▽

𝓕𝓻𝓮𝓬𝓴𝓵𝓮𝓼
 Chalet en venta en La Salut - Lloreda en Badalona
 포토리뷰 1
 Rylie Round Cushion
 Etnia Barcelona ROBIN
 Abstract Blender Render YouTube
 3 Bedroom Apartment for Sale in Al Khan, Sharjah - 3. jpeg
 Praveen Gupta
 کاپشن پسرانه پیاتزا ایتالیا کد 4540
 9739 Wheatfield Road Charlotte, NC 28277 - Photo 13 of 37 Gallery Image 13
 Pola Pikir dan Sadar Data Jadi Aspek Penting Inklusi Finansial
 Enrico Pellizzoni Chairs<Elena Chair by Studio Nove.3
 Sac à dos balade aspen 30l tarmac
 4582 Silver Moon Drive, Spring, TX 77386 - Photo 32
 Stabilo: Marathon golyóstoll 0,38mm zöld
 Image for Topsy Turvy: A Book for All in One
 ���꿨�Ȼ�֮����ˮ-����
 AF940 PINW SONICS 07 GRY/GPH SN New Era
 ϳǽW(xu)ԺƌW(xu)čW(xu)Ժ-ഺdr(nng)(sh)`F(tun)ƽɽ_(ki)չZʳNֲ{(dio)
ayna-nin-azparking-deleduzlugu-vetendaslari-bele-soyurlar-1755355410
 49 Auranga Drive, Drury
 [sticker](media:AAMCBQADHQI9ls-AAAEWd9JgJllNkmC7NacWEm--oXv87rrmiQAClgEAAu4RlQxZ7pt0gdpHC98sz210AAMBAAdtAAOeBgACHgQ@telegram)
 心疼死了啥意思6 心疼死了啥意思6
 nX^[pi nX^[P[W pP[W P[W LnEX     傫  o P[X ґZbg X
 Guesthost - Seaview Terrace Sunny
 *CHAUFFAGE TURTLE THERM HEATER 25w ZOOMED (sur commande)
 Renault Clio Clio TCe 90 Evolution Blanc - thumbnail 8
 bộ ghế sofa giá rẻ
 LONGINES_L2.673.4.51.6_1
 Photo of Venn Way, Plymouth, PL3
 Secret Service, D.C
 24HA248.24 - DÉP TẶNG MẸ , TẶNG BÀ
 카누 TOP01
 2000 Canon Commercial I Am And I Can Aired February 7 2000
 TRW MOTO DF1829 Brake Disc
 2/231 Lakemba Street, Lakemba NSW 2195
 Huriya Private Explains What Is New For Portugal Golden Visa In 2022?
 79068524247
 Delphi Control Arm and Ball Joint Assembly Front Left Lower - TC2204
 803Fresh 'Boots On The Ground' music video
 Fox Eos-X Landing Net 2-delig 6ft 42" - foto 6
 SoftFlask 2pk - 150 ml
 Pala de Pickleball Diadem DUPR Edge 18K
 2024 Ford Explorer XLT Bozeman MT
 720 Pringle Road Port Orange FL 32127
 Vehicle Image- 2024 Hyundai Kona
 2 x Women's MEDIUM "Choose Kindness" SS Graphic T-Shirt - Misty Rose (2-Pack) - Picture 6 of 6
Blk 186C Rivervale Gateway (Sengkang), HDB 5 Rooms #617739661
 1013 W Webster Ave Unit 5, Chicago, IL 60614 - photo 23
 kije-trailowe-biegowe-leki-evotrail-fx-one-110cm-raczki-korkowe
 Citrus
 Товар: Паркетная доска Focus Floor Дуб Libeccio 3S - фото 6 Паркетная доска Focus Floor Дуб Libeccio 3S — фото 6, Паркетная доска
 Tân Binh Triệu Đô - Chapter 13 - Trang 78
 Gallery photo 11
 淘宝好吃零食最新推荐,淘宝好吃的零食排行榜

△

TO DO:
Every record above has to appear again, word for word.

EXERCISE ANSWER:
𝓕𝓻𝓮𝓬𝓴𝓵𝓮𝓼
 Chalet en venta en La Salut - Lloreda en Badalona
 포토리뷰 1
 Rylie Round Cushion
 Etnia Barcelona ROBIN
 Abstract Blender Render YouTube
 3 Bedroom Apartment for Sale in Al Khan, Sharjah - 3. jpeg
 Praveen Gupta
 کاپشن پسرانه پیاتزا ایتالیا کد 4540
 9739 Wheatfield Road Charlotte, NC 28277 - Photo 13 of 37 Gallery Image 13
 Pola Pikir dan Sadar Data Jadi Aspek Penting Inklusi Finansial
 Enrico Pellizzoni Chairs<Elena Chair by Studio Nove.3
 Sac à dos balade aspen 30l tarmac
 4582 Silver Moon Drive, Spring, TX 77386 - Photo 32
 Stabilo: Marathon golyóstoll 0,38mm zöld
 Image for Topsy Turvy: A Book for All in One
 ���꿨�Ȼ�֮����ˮ-����
 AF940 PINW SONICS 07 GRY/GPH SN New Era
 ϳǽW(xu)ԺƌW(xu)čW(xu)Ժ-ഺdr(nng)(sh)`F(tun)ƽɽ_(ki)չZʳNֲ{(dio)
ayna-nin-azparking-deleduzlugu-vetendaslari-bele-soyurlar-1755355410
 49 Auranga Drive, Drury
 [sticker](media:AAMCBQADHQI9ls-AAAEWd9JgJllNkmC7NacWEm--oXv87rrmiQAClgEAAu4RlQxZ7pt0gdpHC98sz210AAMBAAdtAAOeBgACHgQ@telegram)
 心疼死了啥意思6 心疼死了啥意思6
 nX^[pi nX^[P[W pP[W P[W LnEX     傫  o P[X ґZbg X
 Guesthost - Seaview Terrace Sunny
 *CHAUFFAGE TURTLE THERM HEATER 25w ZOOMED (sur commande)
 Renault Clio Clio TCe 90 Evolution Blanc - thumbnail 8
 bộ ghế sofa giá rẻ
 LONGINES_L2.673.4.51.6_1
 Photo of Venn Way, Plymouth, PL3
 Secret Service, D.C
 24HA248.24 - DÉP TẶNG MẸ , TẶNG BÀ
 카누 TOP01
 2000 Canon Commercial I Am And I Can Aired February 7 2000
 TRW MOTO DF1829 Brake Disc
 2/231 Lakemba Street, Lakemba NSW 2195
 Huriya Private Explains What Is New For Portugal Golden Visa In 2022?
 79068524247
 Delphi Control Arm and Ball Joint Assembly Front Left Lower - TC2204
 803Fresh 'Boots On The Ground' music video
 Fox Eos-X Landing Net 2-delig 6ft 42" - foto 6
 SoftFlask 2pk - 150 ml
 Pala de Pickleball Diadem DUPR Edge 18K
 2024 Ford Explorer XLT Bozeman MT
 720 Pringle Road Port Orange FL 32127
 Vehicle Image- 2024 Hyundai Kona
 2 x Women's MEDIUM "Choose Kindness" SS Graphic T-Shirt - Misty Rose (2-Pack) - Picture 6 of 6
Blk 186C Rivervale Gateway (Sengkang), HDB 5 Rooms #617739661
 1013 W Webster Ave Unit 5, Chicago, IL 60614 - photo 23
 kije-trailowe-biegowe-leki-evotrail-fx-one-110cm-raczki-korkowe
 Citrus
 Товар: Паркетная доска Focus Floor Дуб Libeccio 3S - фото 6 Паркетная доска Focus Floor Дуб Libeccio 3S — фото 6, Паркетная доска
 Tân Binh Triệu Đô - Chapter 13 - Trang 78
 Gallery photo 11
 淘宝好吃零食最新推荐,淘宝好吃的零食排行榜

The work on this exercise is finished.